> _EXERCISE DIRECTIONS_
With pictures excluded, retype exactly every line from the one containing "Canadian Flag at half mast" to the end of the records below.

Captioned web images
──────

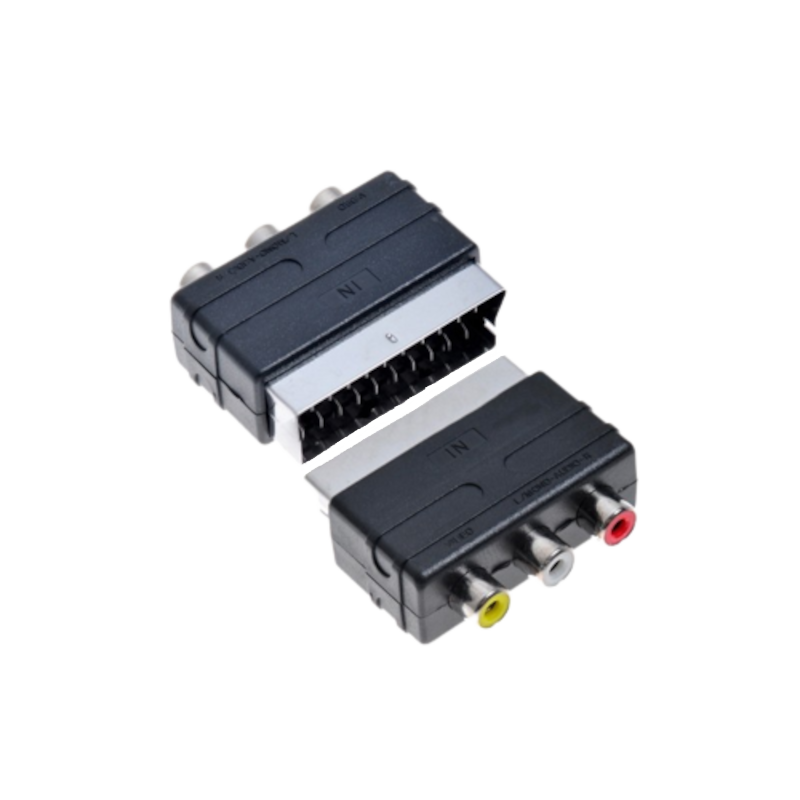 ADAPTADOR RCA PARA SCART FC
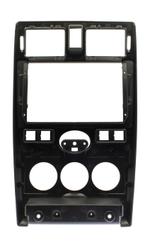 Комплект рамки с разъёмами 9" Lada Priora 2007-2013 серебро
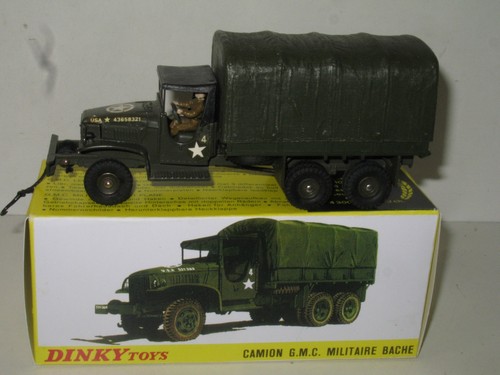 Dinky toys camion gmc baché - dinky,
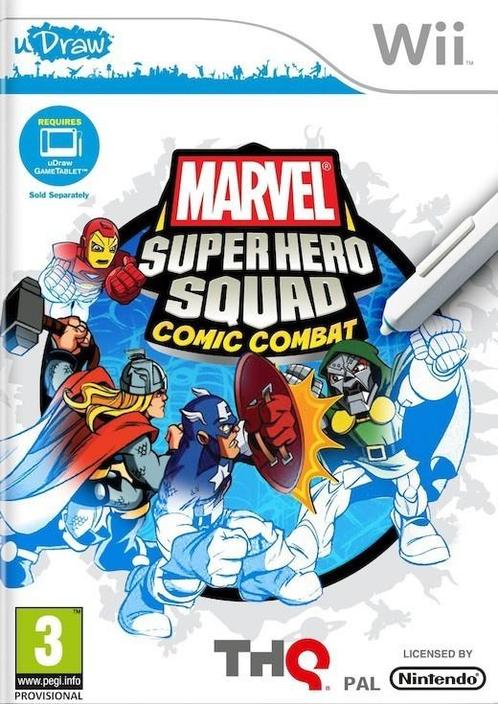 uDraw Marvel Super Hero Squad Comic Combat (Nintendo wii, Games en Spelcomputers, Spelcomputers | Nintendo Wii, Ophalen of Verzenden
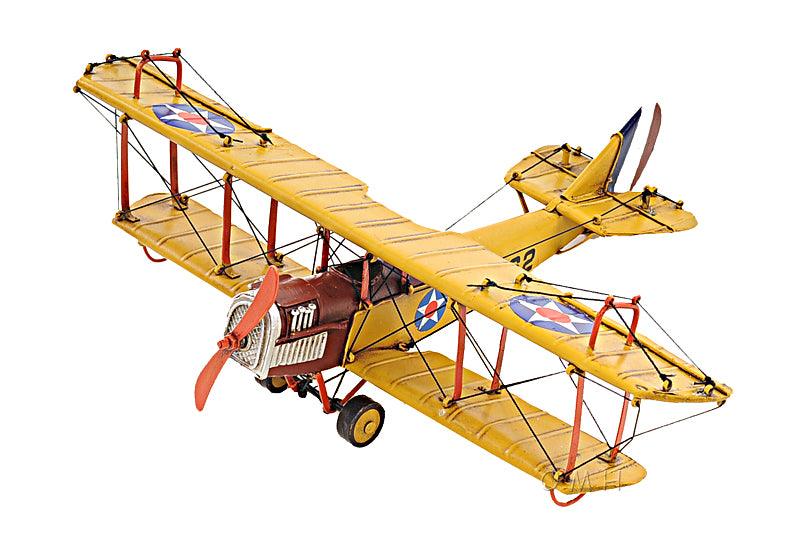 1918 Yellow Curtiss JN-4 1:24 Aeroplane model - Medieval Replicas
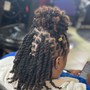 Wash retwist and curls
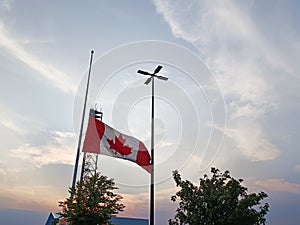 Canadian Flag at half mast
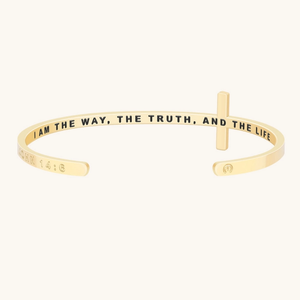 MantraBand Cross Bracelet - I Am The Way, The Truth, And The Light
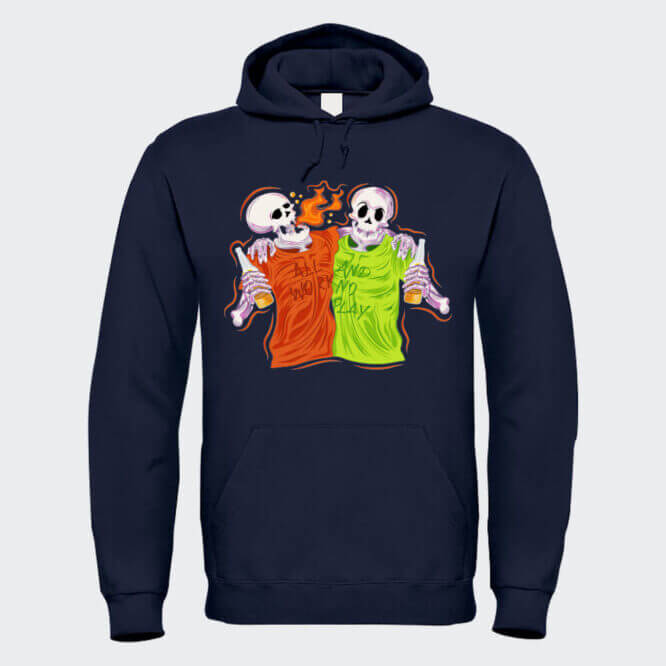 Felpa Unisex Halloween Divertente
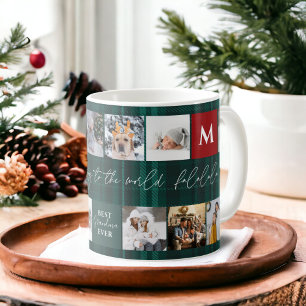 Kerstmis 8 foto's op foto's op foto's op de beste koffiemok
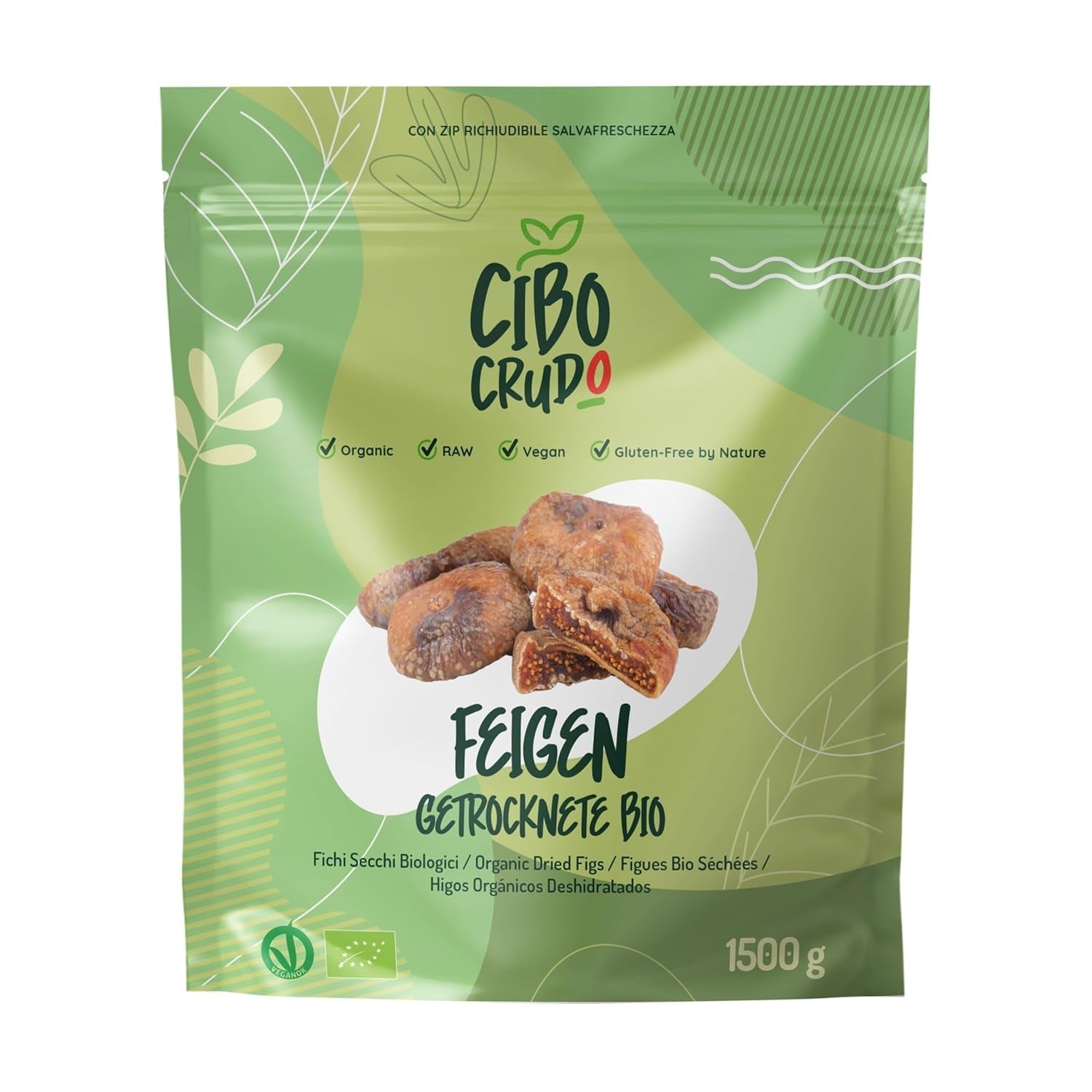 Neslazené bio sušené fíky - 250g. Sušené turecké fíky neslazené. Vysoce kvalitní přírodní produkt. Organické sušené fíky. Naty Shop dehydratované produkty 1,5 kg (1 balení)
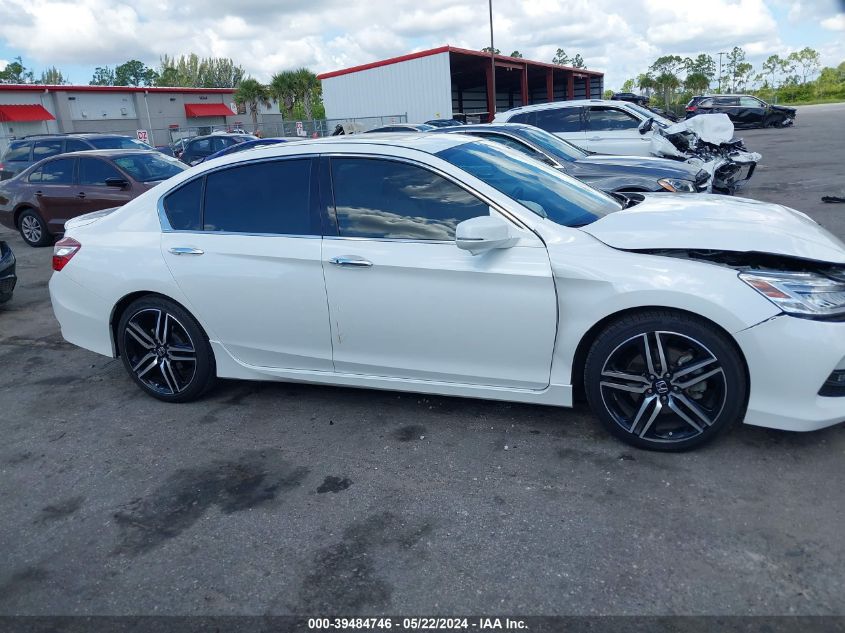 2017 Honda Accord Touring VIN: 1HGCR3F9XHA029796 Lot: 39484746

──────

> _PROBLEM SOLUTION_
 Canadian Flag at half mast
 MantraBand Cross Bracelet - I Am The Way, The Truth, And The Light
 Felpa Unisex Halloween Divertente
 Kerstmis 8 foto's op foto's op foto's op de beste koffiemok
 Neslazené bio sušené fíky - 250g. Sušené turecké fíky neslazené. Vysoce kvalitní přírodní produkt. Organické sušené fíky. Naty Shop dehydratované produkty 1,5 kg (1 balení)
 2017 Honda Accord Touring VIN: 1HGCR3F9XHA029796 Lot: 39484746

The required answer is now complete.